Wang Tong savait naturellement ce que la province du Shaanxi attendait de lui, et après avoir accepté sans hésiter, il chercha le numéro du gouverneur Lin sur son téléphone.
"Très bien, allons-y."
Comme Wang Tong s'occupait de l'affaire, Du Cheng n'eut naturellement plus besoin d'intervenir et se contenta d'en informer Cheng Yan et Han Zhiqi.
Cheng Yan ne partit pas immédiatement, mais dit à Yue Zheng : « Yue Zheng, allons-y ensemble. »
"Euh."
Yue Zheng hocha légèrement la tête, puis sortit directement de la boîte de nuit avec Du Cheng et son groupe.

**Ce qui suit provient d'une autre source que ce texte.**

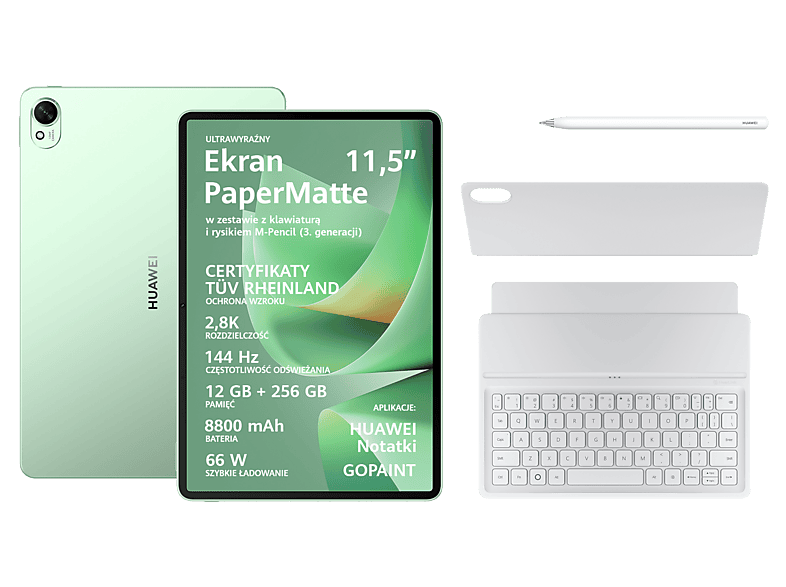 Tablet HUAWEI Matepad 11.5 S 2026 12/256 GB Wi-Fi Zielony + Klawiatura + Rysik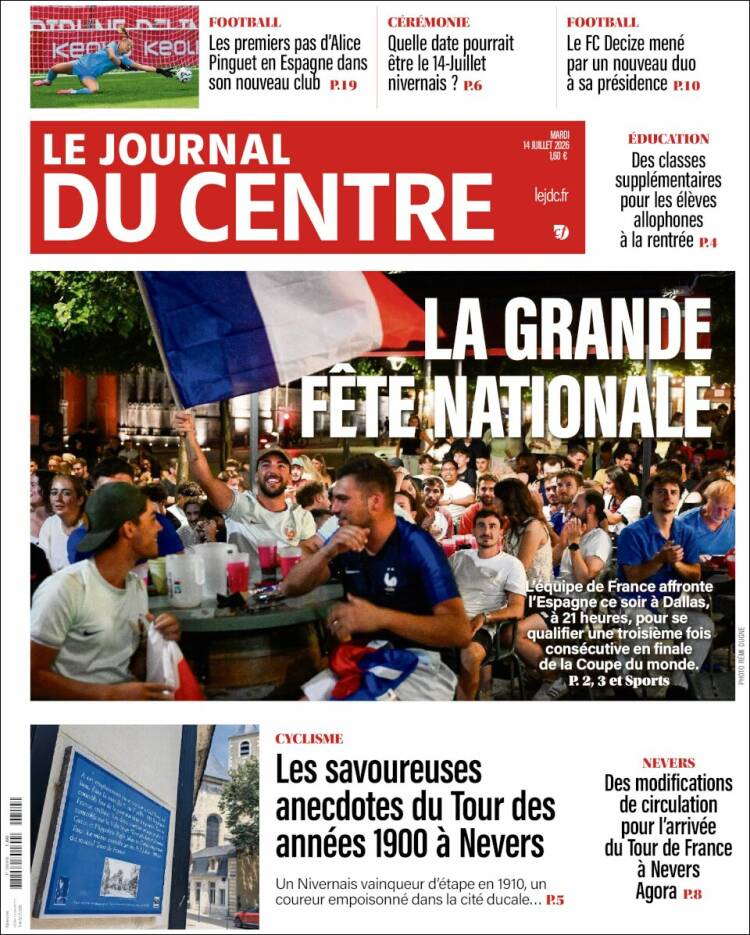 Portada de Le Journal du Centre (Francia)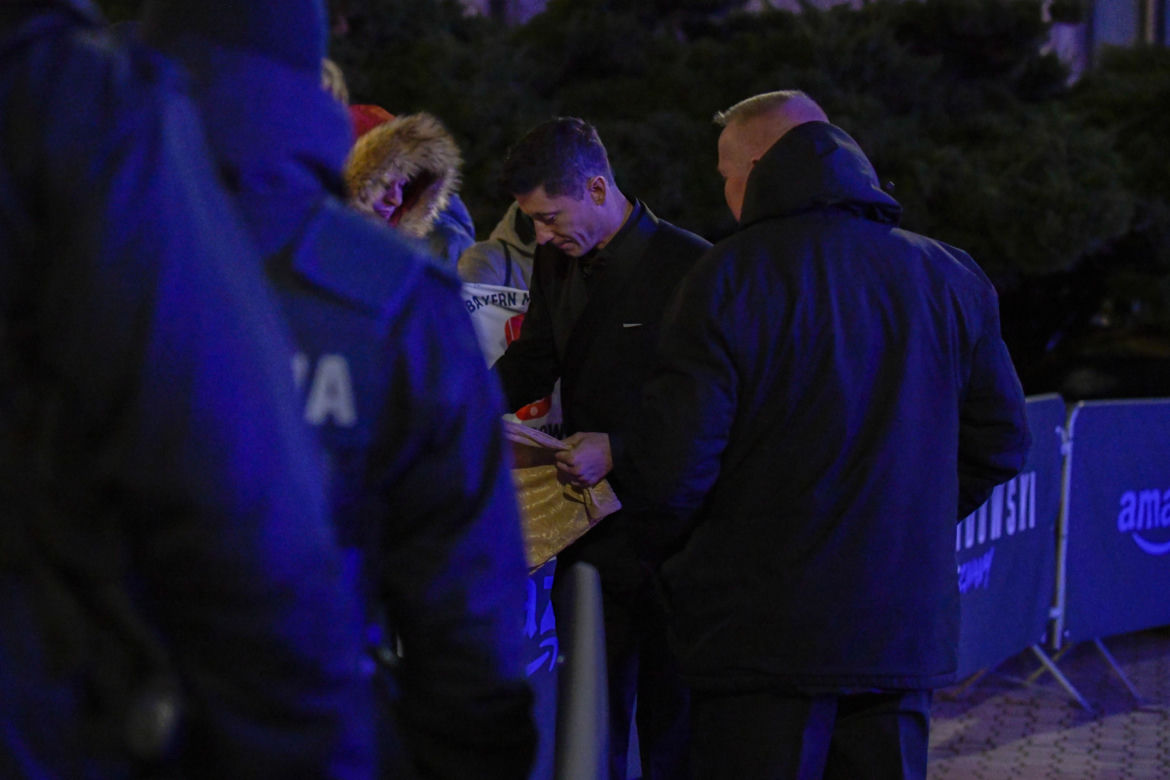 Robert Lewandowski na premierze filmu Nieznany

« Yuezheng, qu'est-ce qui t'amène ici la nuit ? »
Après son arrivée à la boîte de nuit, Cheng Yan a interrogé Yue Zheng.
Cheng Yan était presque certaine que Yue Zheng n'était pas le genre de fille à fréquenter ce genre d'événements.
« Rien, j'étais juste de mauvaise humeur et je voulais sortir boire un verre, mais je ne m'attendais pas à tomber sur des crétins. » Yuezheng n'avait visiblement pas l'intention de s'étendre sur le sujet et s'est contenté de répondre d'un ton désinvolte.
Avec son esprit fin et perspicace, comment Cheng Yan aurait-elle pu ignorer que Yue Zheng avait forcément quelque chose en tête ? Mais si l'autre personne ne disait rien, elle n'osait pas poser la question.
Chaque famille a ses propres problèmes, et même la famille impériale a ses propres affaires familiales.
Après un léger sourire, Cheng Yan changea de sujet en disant : « Bon, il se fait tard. Rentrons nous reposer. Nous avons une réunion importante demain. »
"Euh."
Yuezheng acquiesça d'un signe de tête, mais ne montra aucune intention de partir immédiatement ; il était clair qu'elle attendait Wang Tong.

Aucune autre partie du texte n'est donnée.